The Trump administration has still not officially declared that the opioid crisis is a national emergency – something the President said he would do in August.  

CDC Releases More Faulty Research About Opioids

By Pat Anson, Editor

A new study by researchers at the Centers for Disease Control and Prevention estimates that opioid overdoses have shaved two and a half months off the average life span of Americans – a somewhat misleading claim because the study does not distinguish between legally obtained prescription opioids and illegal opioids like heroin and illicit fentanyl.

The research letter, published in the medical journal JAMA, looked at the leading causes of death in the U.S. from 2000 to 2015. Overall life expectancy rose during that period, from 76.8 years in 2000 to 78.8 years in 2015, largely due a decline in deaths from heart disease, cancer, stroke, diabetes and other chronic health conditions.

But deaths due to Alzheimer’s disease, suicide, liver disease, drug poisoning and opioid overdoses rose, collectively causing a loss of 0.33 years in life expectancy – most of it due to opioids.

“This loss, mostly related to opioids, was similar in magnitude to losses from all the leading causes of death with increasing death rates,” wrote lead author Deborah Dowell, MD, of the CDC’s National Center for Injury Prevention and Control.

“U.S. life expectancy decreased from 2014 to 2015 and is now lower than in most high-income countries, with this gap projected to increase.
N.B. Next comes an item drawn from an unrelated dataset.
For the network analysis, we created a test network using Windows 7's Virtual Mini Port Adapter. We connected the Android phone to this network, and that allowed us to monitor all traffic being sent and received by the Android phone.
These findings suggest that preventing opioid related poisoning deaths will be important to achieving more robust increases in life expectancy once again.”

Dowell was also one of the lead authors of the CDC’s 2016 opioid prescribing guidelines, which discourage physicians from prescribing opioids for chronic pain. She and her two co-authors in the JAMA study --  both of them CDC statisticians -- do not explain why they failed to distinguish between black market opioids and legal prescription opioids, a dubious use of statistics akin to lumping arsonists in the same category as smokers or Boy Scouts learning to build campfires.  
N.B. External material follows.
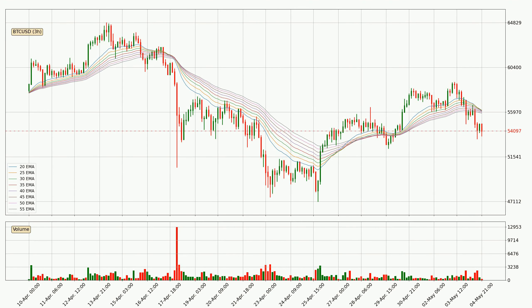Jumping to the three-hourly exponential moving averages, the current price went below the three-hourly ribbon. So you should see if the price can jump back above the ribbon or if it will act as resistance to the upside, currently at around 55,849.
They also fail to even mention the scourge of heroin and illicit fentanyl sweeping the country, which now accounts for the majority of opioid overdoses in several states.  

But Dowell and her co-authors don't stop there. The say the actual number of deaths caused by opioids is “likely an underestimate” because information on death certificates is often incomplete and fails to note the specific drug involved in as many as 25% of overdose deaths. This is another disingenuous claim, because it fails to explain why the data on the other 75% of overdoses is faulty too. 

Epidemic of Despair

Other researchers have also tried to explain the disturbing decline in American life expectancy – which began over adecade ago for middle-aged white Americans. Princeton researchers Anne Case and Angus Deaton were the first to document that trend,  when they estimated that nearly half a million white Americans may have died early because of depression, chronic pain, suicide, alcohol and drug abuse, and other health problems – an epidemic of despair linked to unemployment, poor finances, lack of education, divorce and loss of social connections.

The evidence was right there for Deborah Dowell and her co-authors had they looked for it. The JAMA study found that over 44,000 Americans committed suicide in 2015, a 66% increase from 2000, and over 40,000 died from chronic liver disease or cirrhosis, another 66% increase. Opioid overdoses during that same period rose to 33,000 deaths. 

Which is the bigger epidemic?

As PNN has reported, the CDC ignored early warnings from its own consultant that the agency’s opioid guidelines were being viewed as “strict law rather than a recommendation,” causing many doctors to stop prescribing opioid pain medication. Chronic pain patients also feel “slighted and shamed” by the guidelines, and are increasingly suicidal or turning to street drugs. We’ve also reported that the CDC has apparently done nothing to study the harms or even the possible benefits the guidelines have caused since they were released 18 months ago.

Instead of going back in time and selectively mining databases to fit preconceived notions about opioids, perhaps it is time for the CDC to take a giant step forward and see what its opioid guidelines have actually done.